Exercise directions.
Repeat the lines from the one containing "Photo of Funny" through the last line of the data, exactly, pictures omitted.

Short web captions.
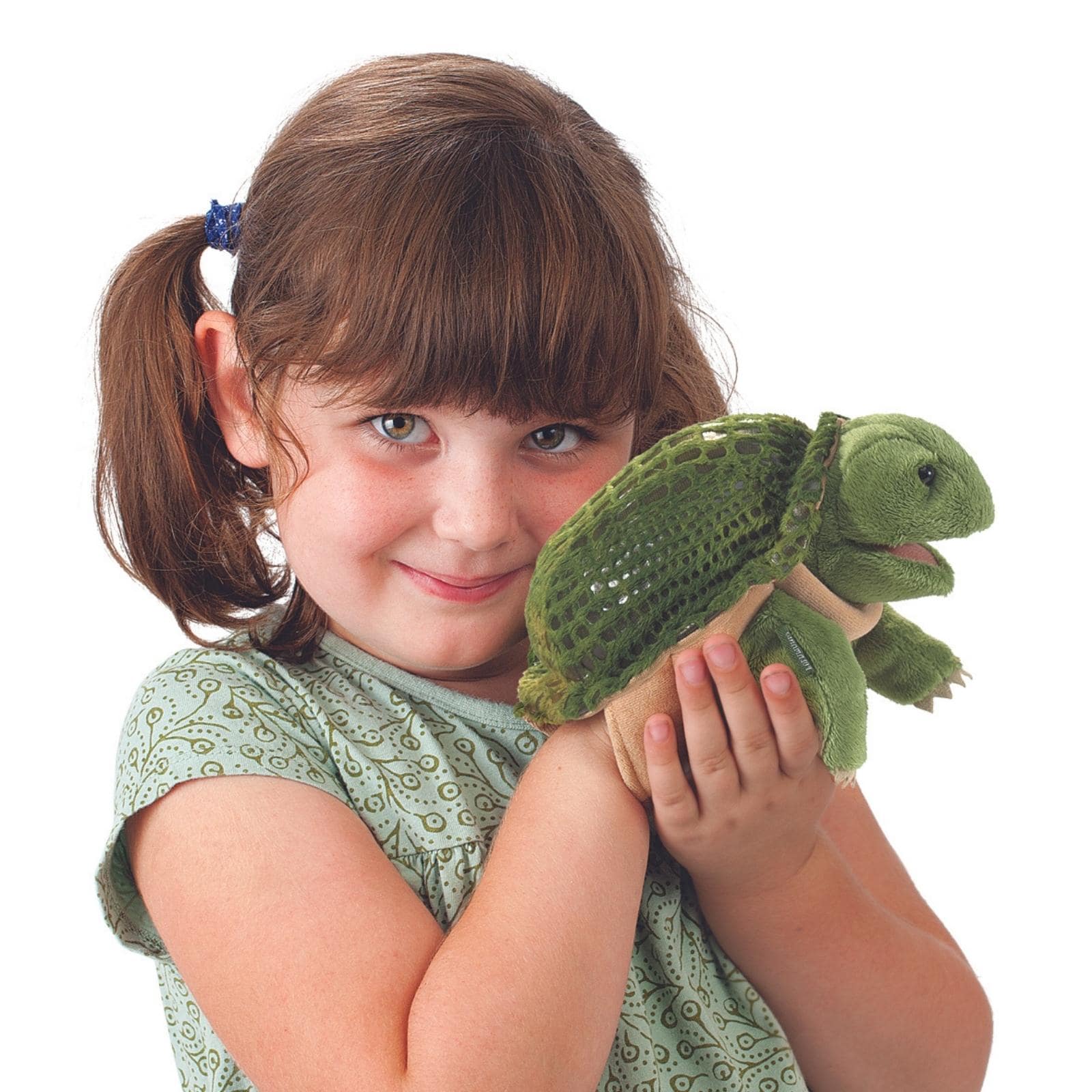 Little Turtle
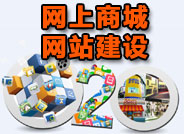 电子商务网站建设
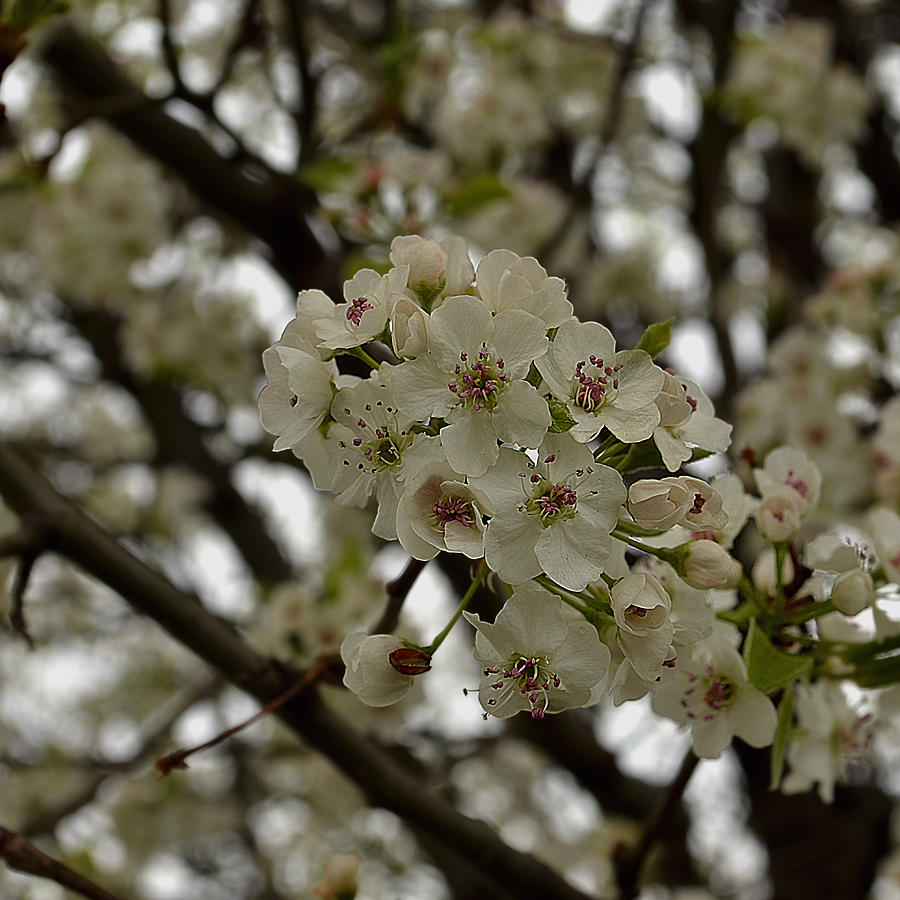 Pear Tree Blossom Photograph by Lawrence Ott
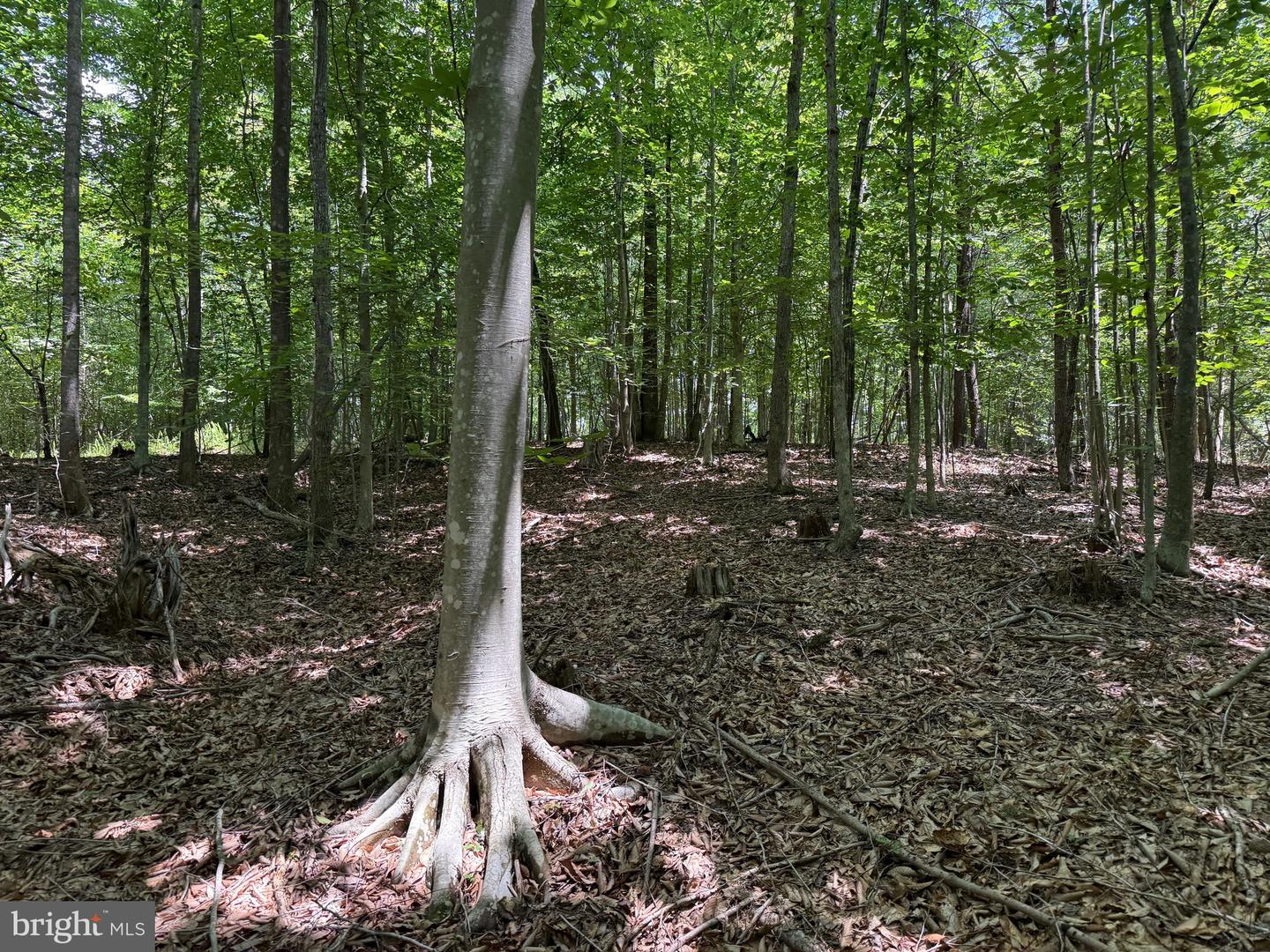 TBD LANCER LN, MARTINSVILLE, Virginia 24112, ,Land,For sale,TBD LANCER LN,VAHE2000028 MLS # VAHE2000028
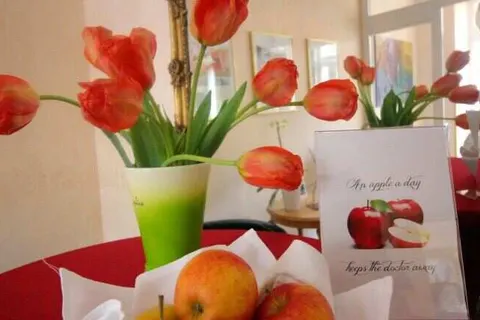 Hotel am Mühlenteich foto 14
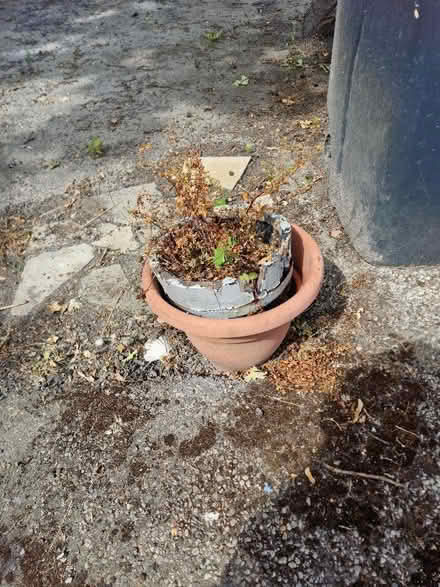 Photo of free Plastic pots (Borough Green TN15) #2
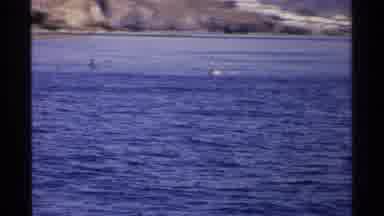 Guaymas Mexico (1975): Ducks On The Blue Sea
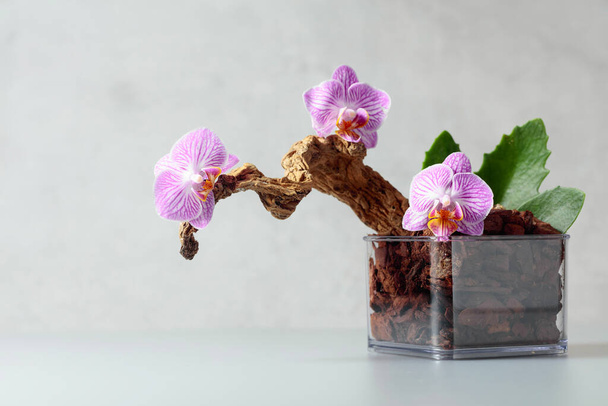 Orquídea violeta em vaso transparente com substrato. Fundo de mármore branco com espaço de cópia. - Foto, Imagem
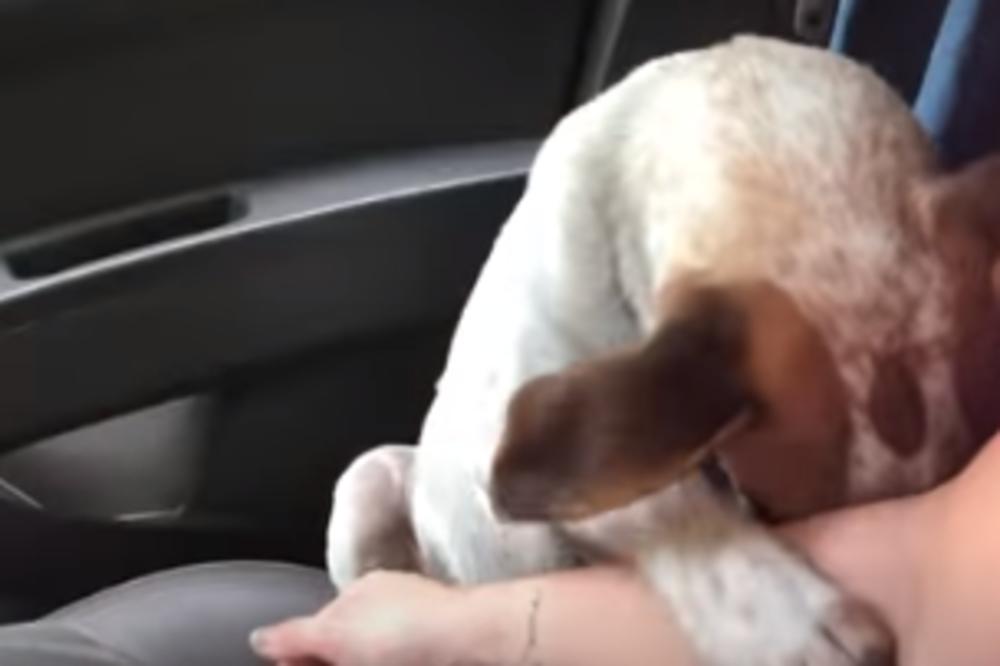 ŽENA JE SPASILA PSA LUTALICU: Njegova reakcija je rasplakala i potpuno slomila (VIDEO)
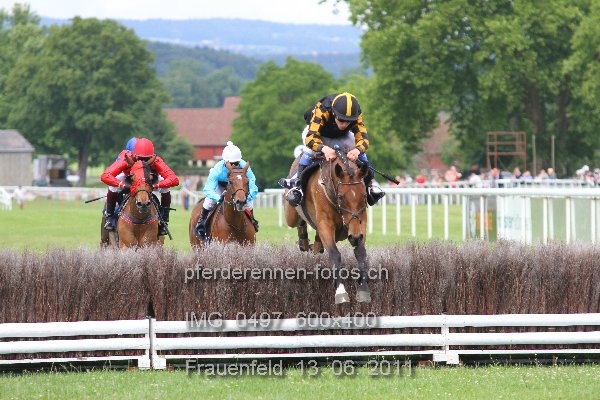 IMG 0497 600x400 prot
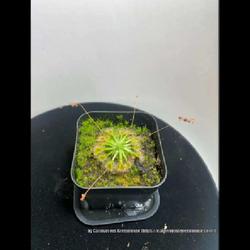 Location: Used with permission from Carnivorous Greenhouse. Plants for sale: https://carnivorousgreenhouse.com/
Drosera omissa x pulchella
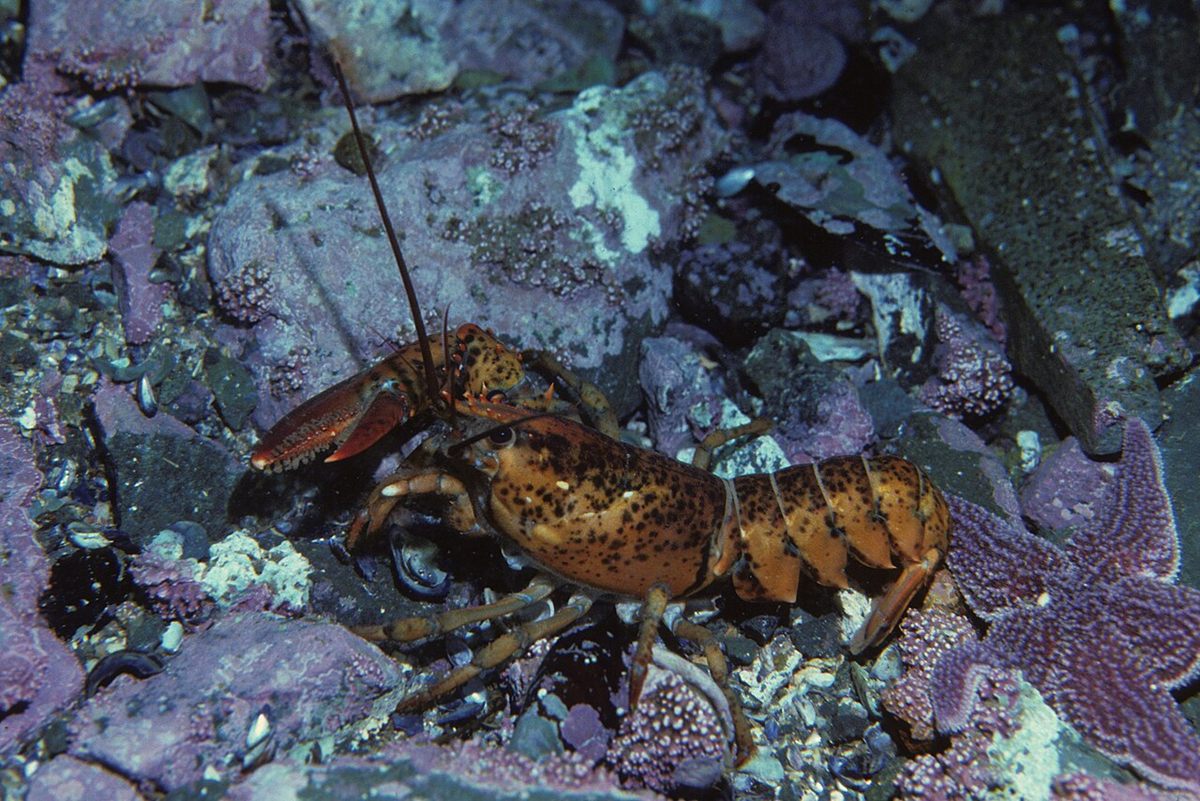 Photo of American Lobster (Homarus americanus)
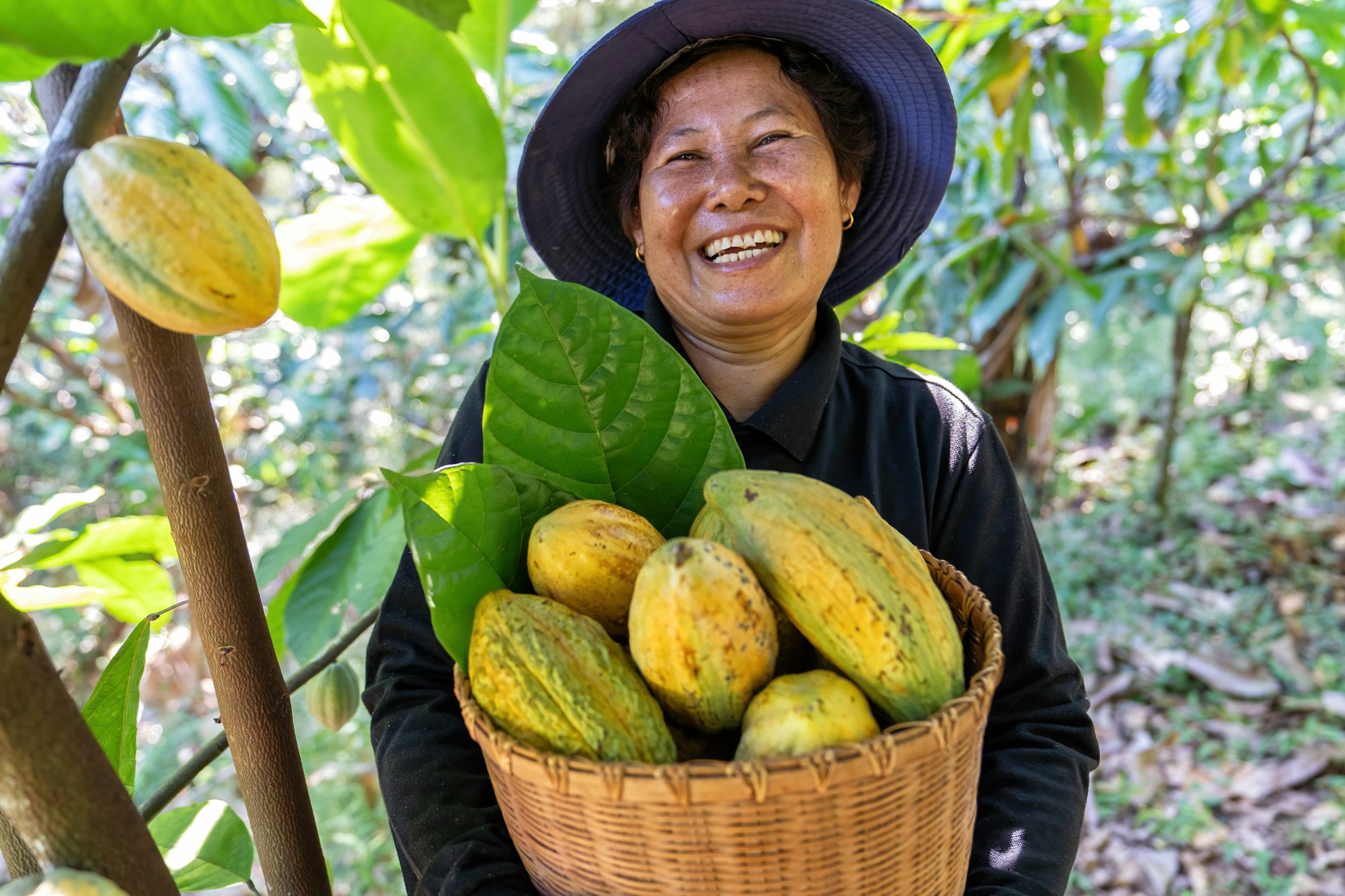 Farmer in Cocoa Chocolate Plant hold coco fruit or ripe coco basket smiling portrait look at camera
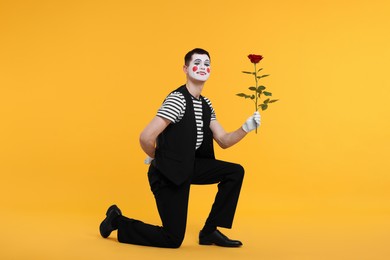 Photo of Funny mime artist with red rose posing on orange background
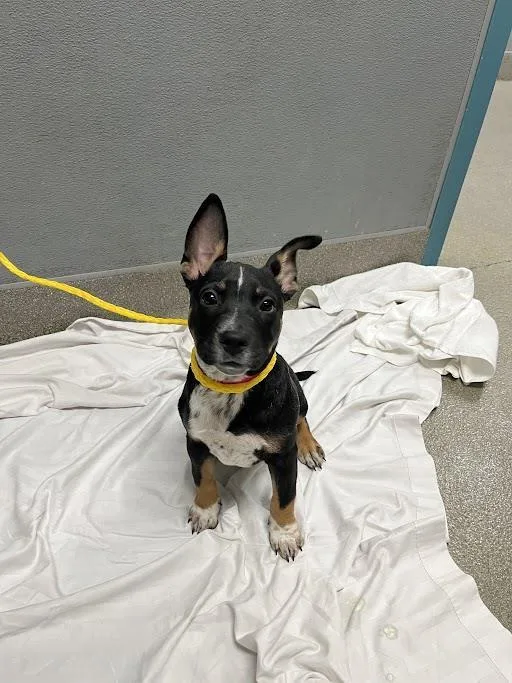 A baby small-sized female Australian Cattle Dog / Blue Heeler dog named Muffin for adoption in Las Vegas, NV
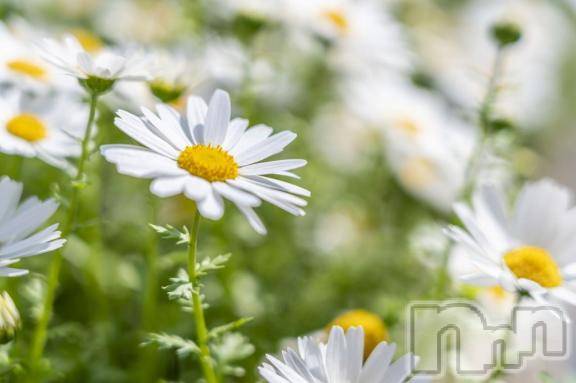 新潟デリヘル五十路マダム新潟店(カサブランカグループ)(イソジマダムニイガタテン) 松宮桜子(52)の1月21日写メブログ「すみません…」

Result of this exercise.
 Photo of Funny mime artist with red rose posing on orange background
 A baby small-sized female Australian Cattle Dog / Blue Heeler dog named Muffin for adoption in Las Vegas, NV
 新潟デリヘル五十路マダム新潟店(カサブランカグループ)(イソジマダムニイガタテン) 松宮桜子(52)の1月21日写メブログ「すみません…」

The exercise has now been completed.